Proverbs 18:22 – He who finds a wife finds what is good and receives favor from the LORD.
Colossians 3:18-19 – Wives, submit yourselves to your husbands, as is fitting in the Lord. Husbands, love your wives and do not be harsh with them.
How Can I Build a Stronger Marriage?
There are many wonderful tools available that help marriages grow stronger, varying from couples’ devotionals and marital exercises to marriage conferences, retreats, and even counseling. Whatever stage your marriage is in—even if you are engaged but not yet married!—it’s important not to just assume the marriage will “take care of itself” as long as no glaring issues arise.
More than perhaps any other relationship, marriage requires maintenance and attention from both parties. It requires active love, emotional and physical intimacy, and a partnership essence between two people with God at the center in order to be truly, deeply, lastingly healthy. Making the marriage a priority, particularly when jobs, children, hobbies, etc. are in the picture, is also essential to keeping the relationship stable and prosperous.
One of the best ways to ensure a healthy marriage is to measure yours and your spouse’s behavior against the standard of Ephesians 5, which lays out the important roles that both husband and wife play in the relationship. This passage beautifully describes not only the unique temporal aspects of the marriage, but also the crucial spiritual realities paralleled and involved.
In short, what God asks of husband and wife in Ephesians 5 is to lay aside the priority of self and take care of one another first. When both parties live in this sacrificial mindset, it reflects the spiritual reality—Christ dying for us, thus we die to ourselves and live for him—and it ensures that both parties are taken care of, because both are prioritizing the needs of the other over their own.

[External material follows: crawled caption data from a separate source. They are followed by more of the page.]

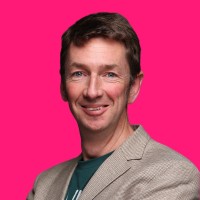 CogniStream Employee Ciarán Harris's profile photo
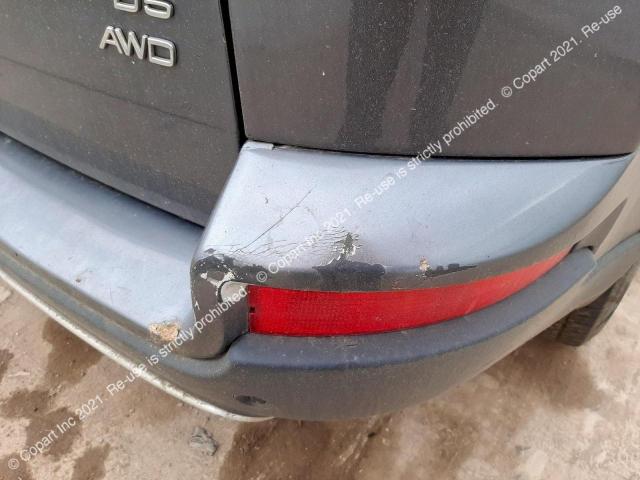 YV1CZ714491510715 Volvo Xc90 D5 S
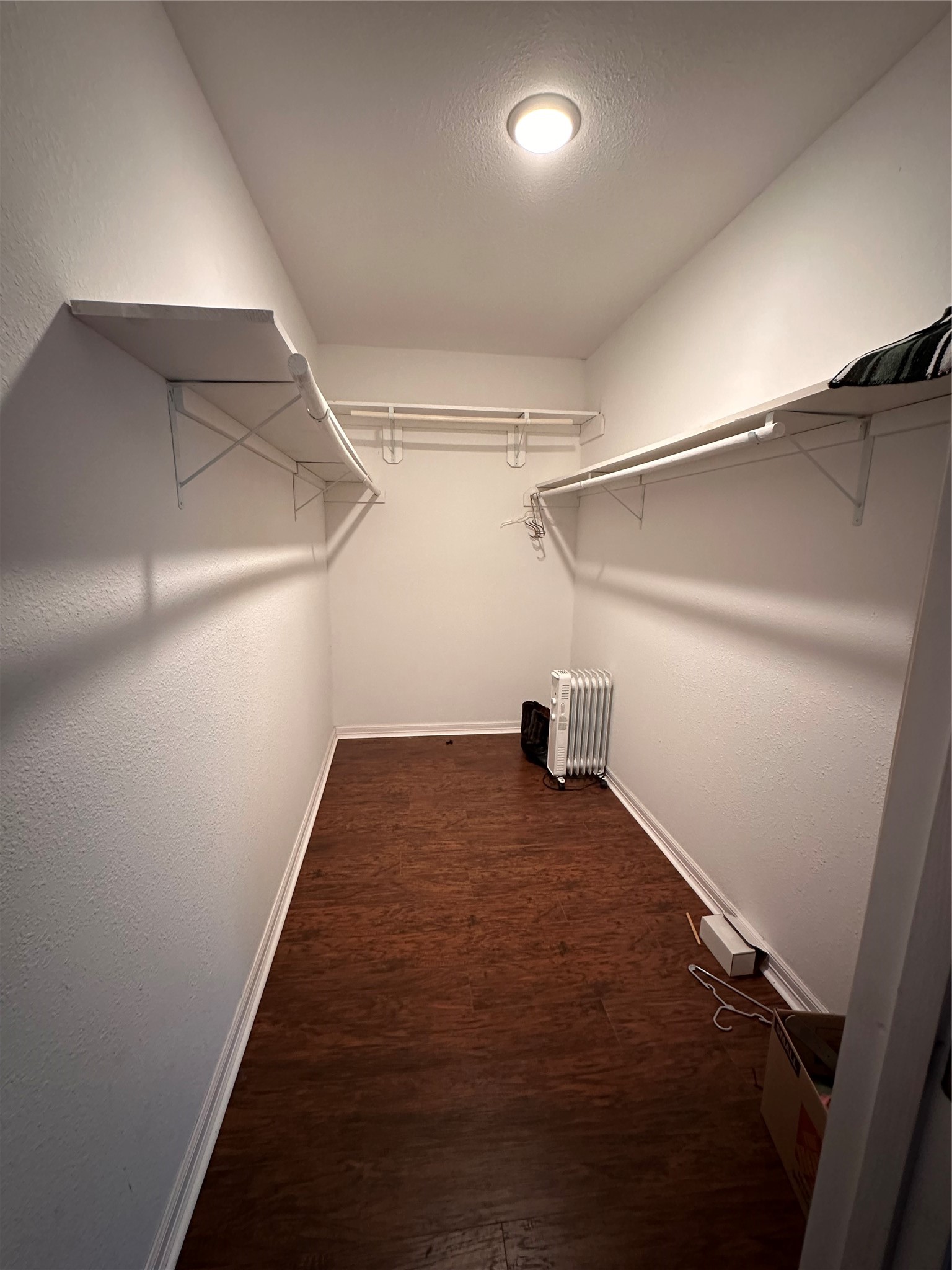 4802 Eppes Street Houston, TX 77021 - Photo 15 of 34 a view of a room with an empty space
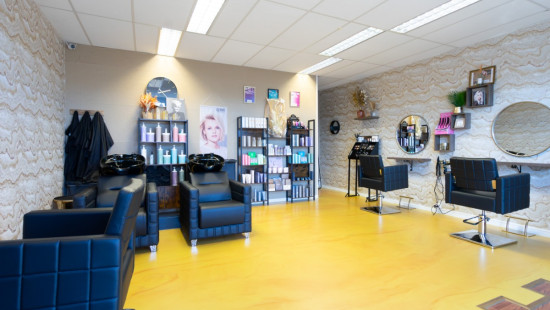 Avenue de France - 155 - - 6900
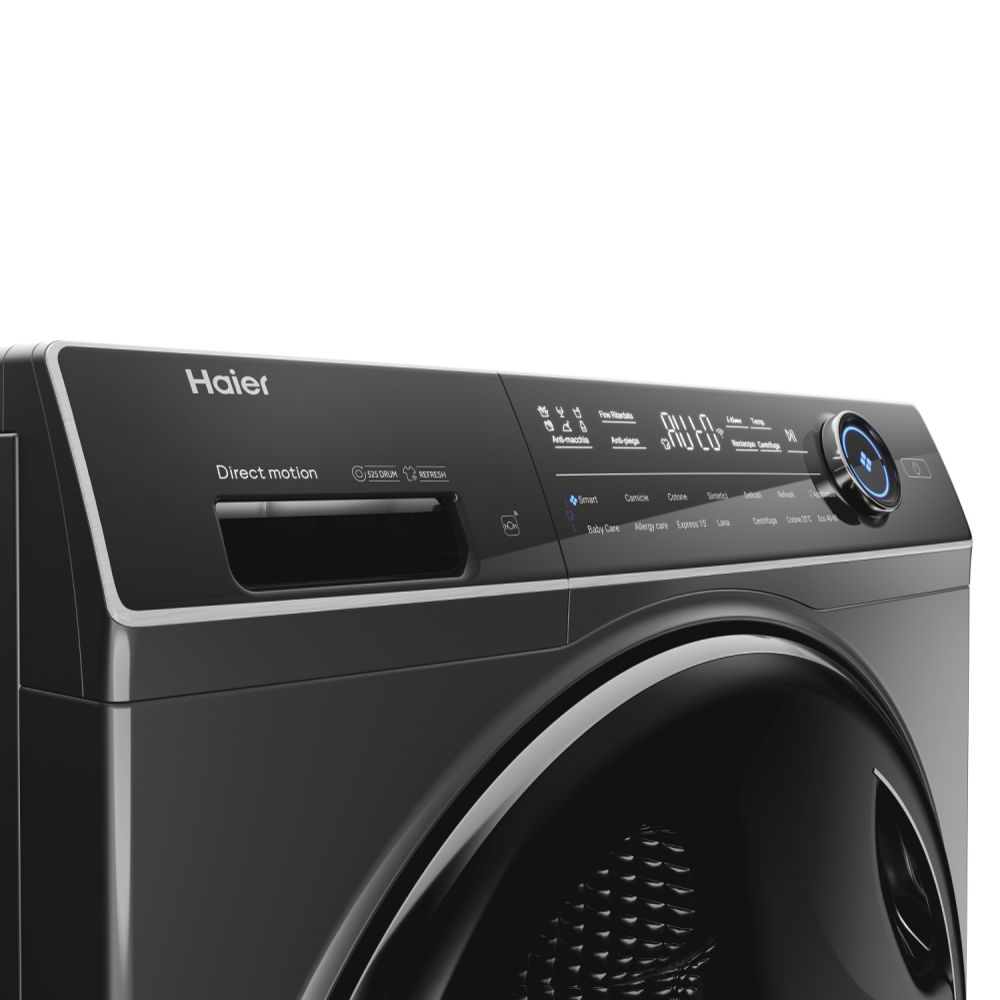 Haier I-Pro Series 7 Plus HW120-B14979S8U1 washing machine Front-load – image 6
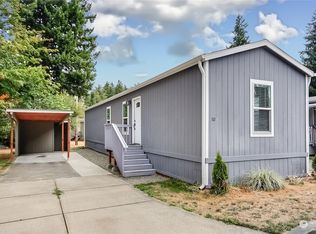 17114 153rd Ave SE #10-TRAILER, Yelm, WA 98597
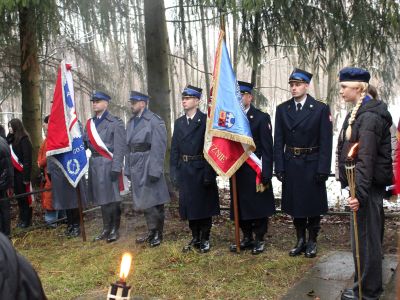 1 grudnia 1939 - obchody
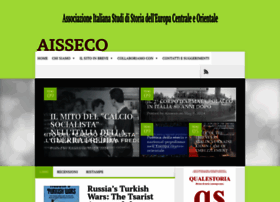 Aisseco.org thumbnail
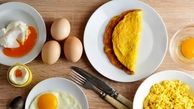 تخم مرغ با بدن چه می کند؟ / میزان نیاز به تخم مرغ و بهترین شکل مصرف + فیلم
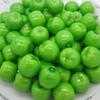 50pcs Realistic Simulation Fruit Mini Fruit Model Fake Fruits  Desk Decoration Accessories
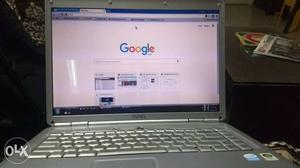 DELL INSPIRON  GOOD condition with 3 hrs battery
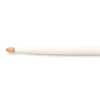 W-7ACW Wincent  pair of hickory drumsticks 7A WHITE, 395 x 13.6mm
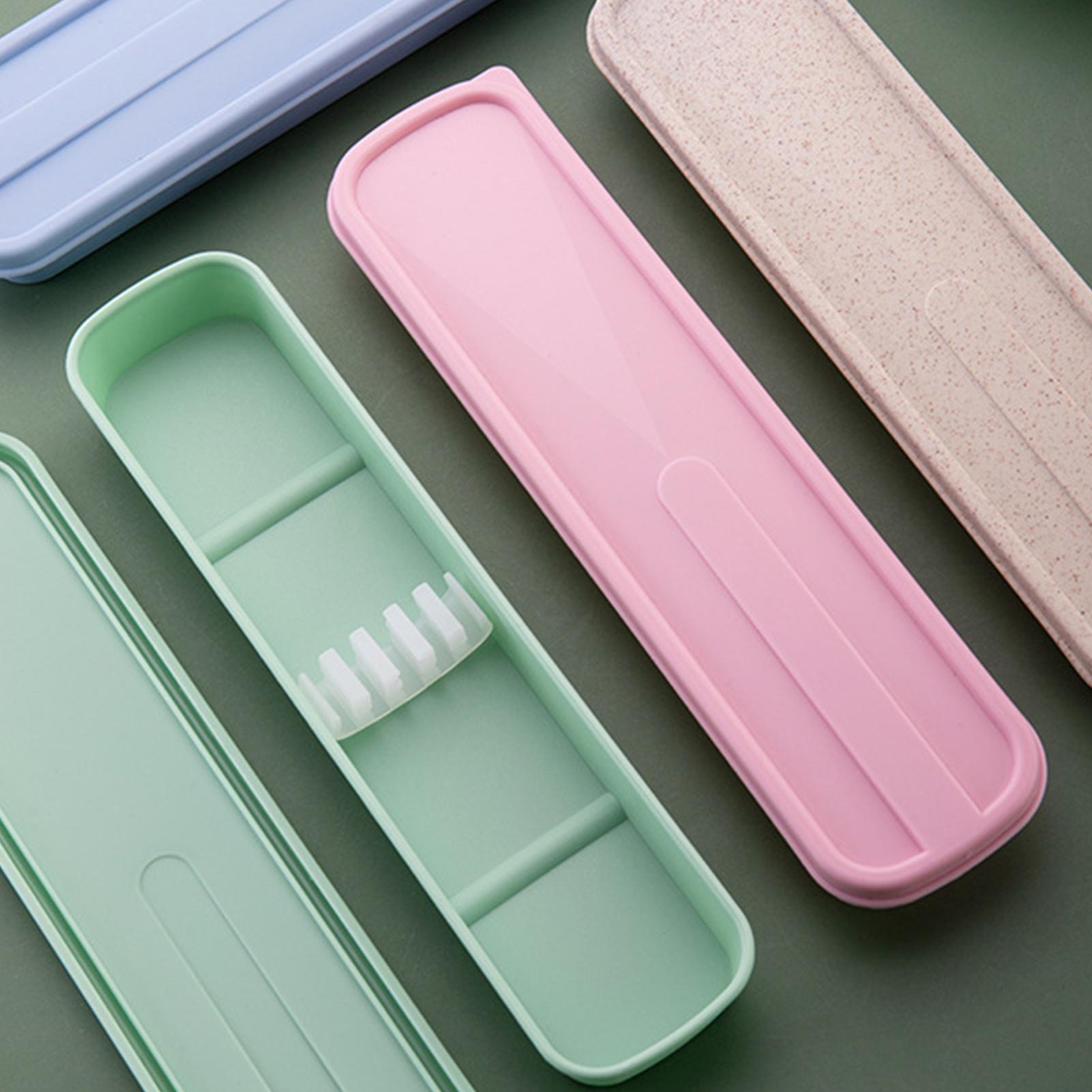 Caixa de talheres ecológica, t - Bamboo Cutlery avaliação e preço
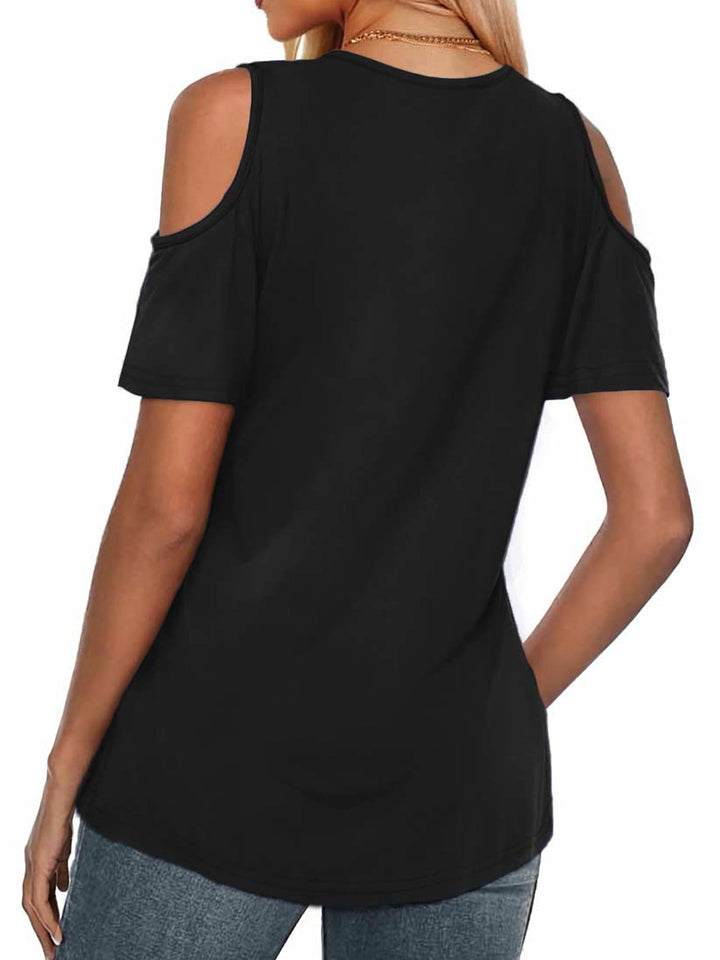 Naomi - Canada T-shirt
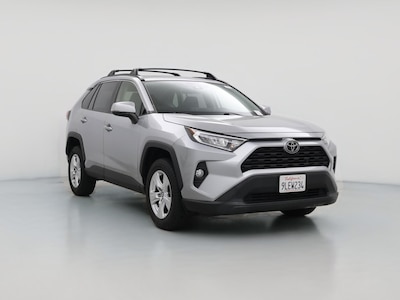 2019 Toyota RAV4 XLE -
                  Irvine, CA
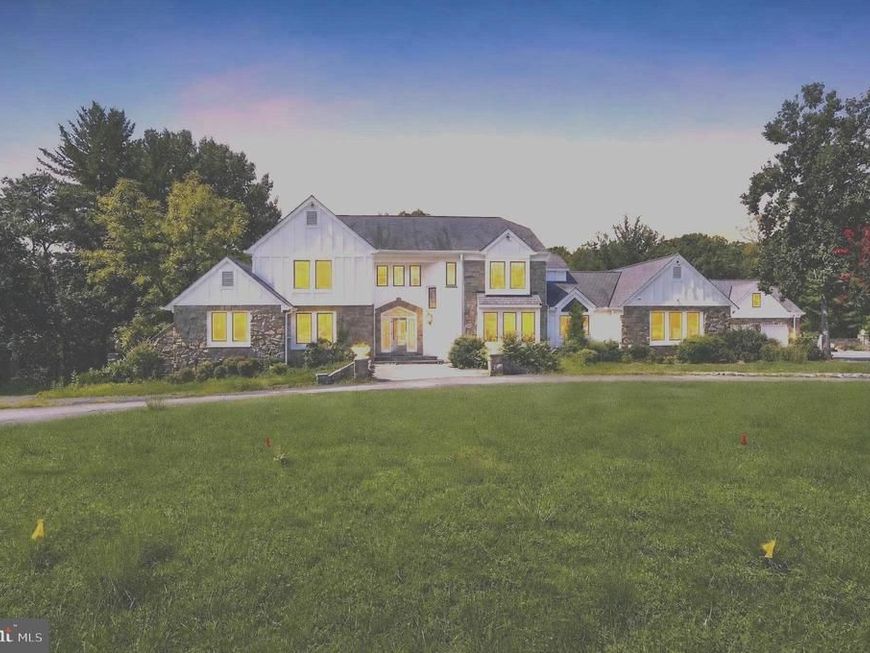 10240 Democracy Blvd, Potomac, MD 20854 Main Photo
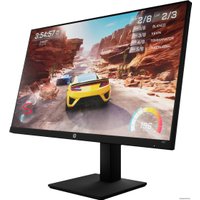 Игровой монитор HP X27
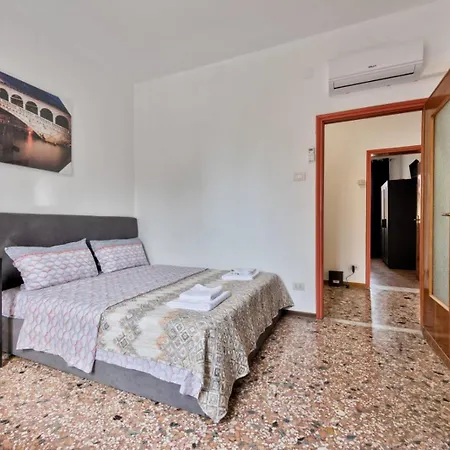 Cozy In Guest house Venice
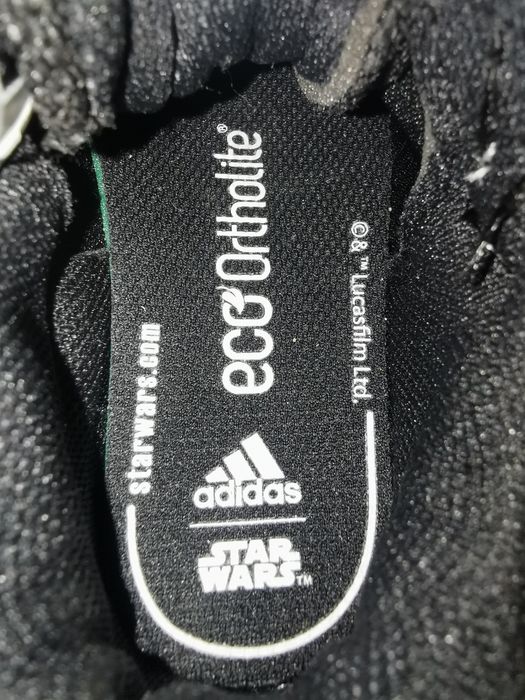 Adidas StarWars RapidaRun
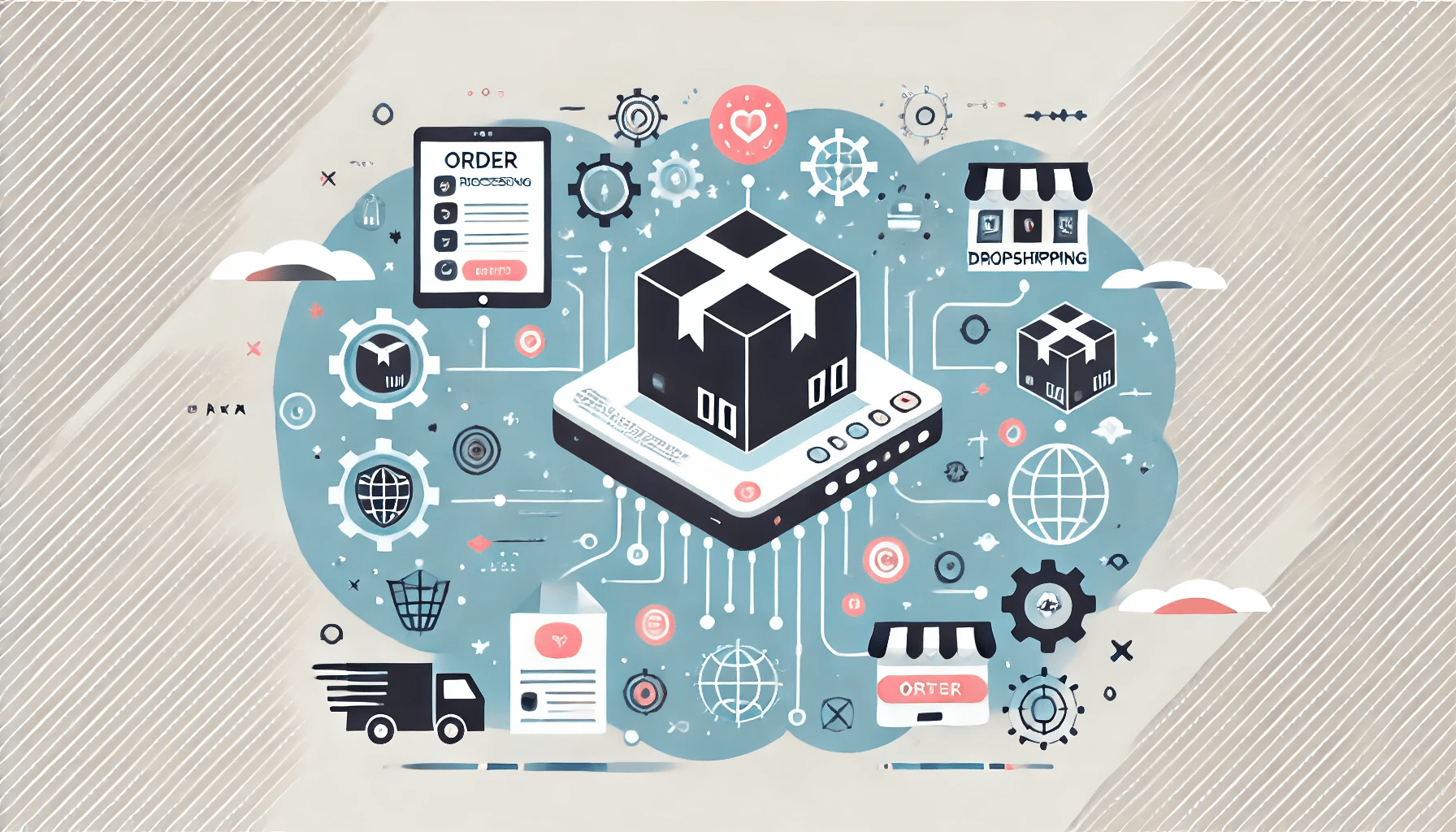 How to Sell Digital Products Without a Website best to sell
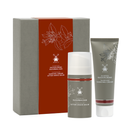 Muhle Sandalwood Gift Set Shaving Cream and Aftershave Balms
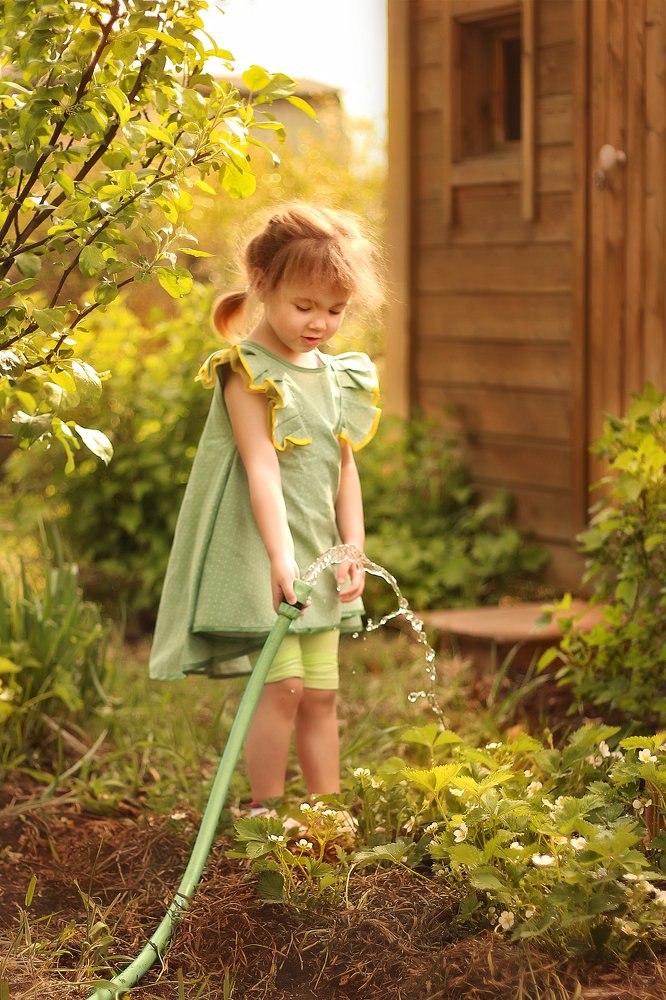 Photograph by Анастасия Мещерякова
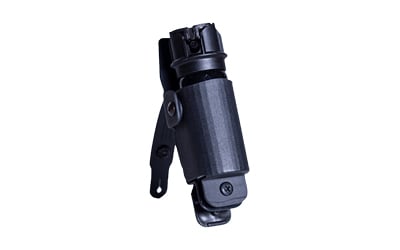 HSGI UL OC SPRAY UNIV CLIPS MK2 BLK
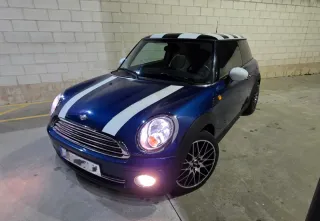 MINI Mini 2007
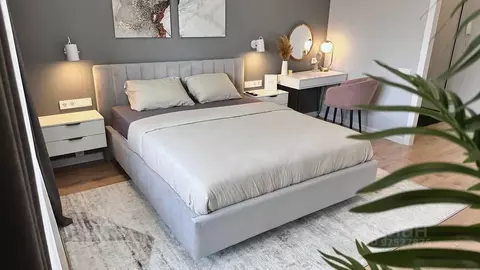 1-к кв. Челябинская область, Магнитогорск просп. Ленина, 121 (40.0 м)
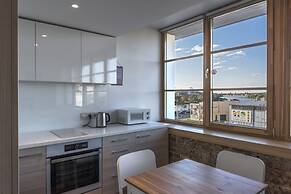 King Mindaugas Apartments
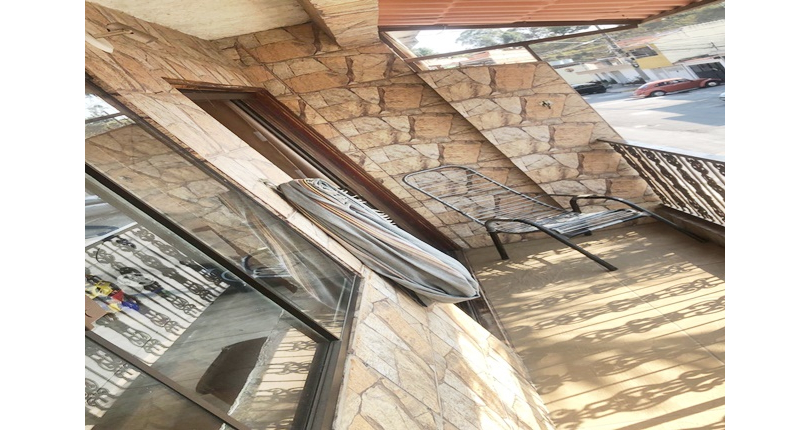 Sobrado à venda no Bairro da Vila Aurora na Rua Olímpio Barcelos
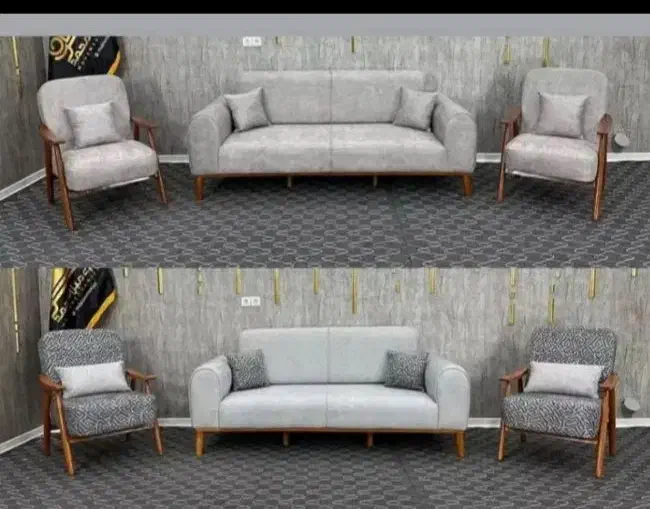 ۲۰سال تجربه تولید سنگین و ترانزیت مهرگان کبیر ۲۰سا|مبلمان خانگی و میز عسلی|صدرا-فارس, فاز ۱|دیوار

For more information on why the submission/sacrifice interplay in Ephesians is so important, check out our blog “Seeing the Glory of God Through Husbands and Wives.”
If you’re married, what can you do this week to make your marriage a priority through the chaos of life?
If you’re unmarried, take a moment to read passages about Jesus and the Church, such as Ephesians 5. What can you glean about the devoted life of Jesus to his Body from these passages, and what can you do to live more fully for him this week?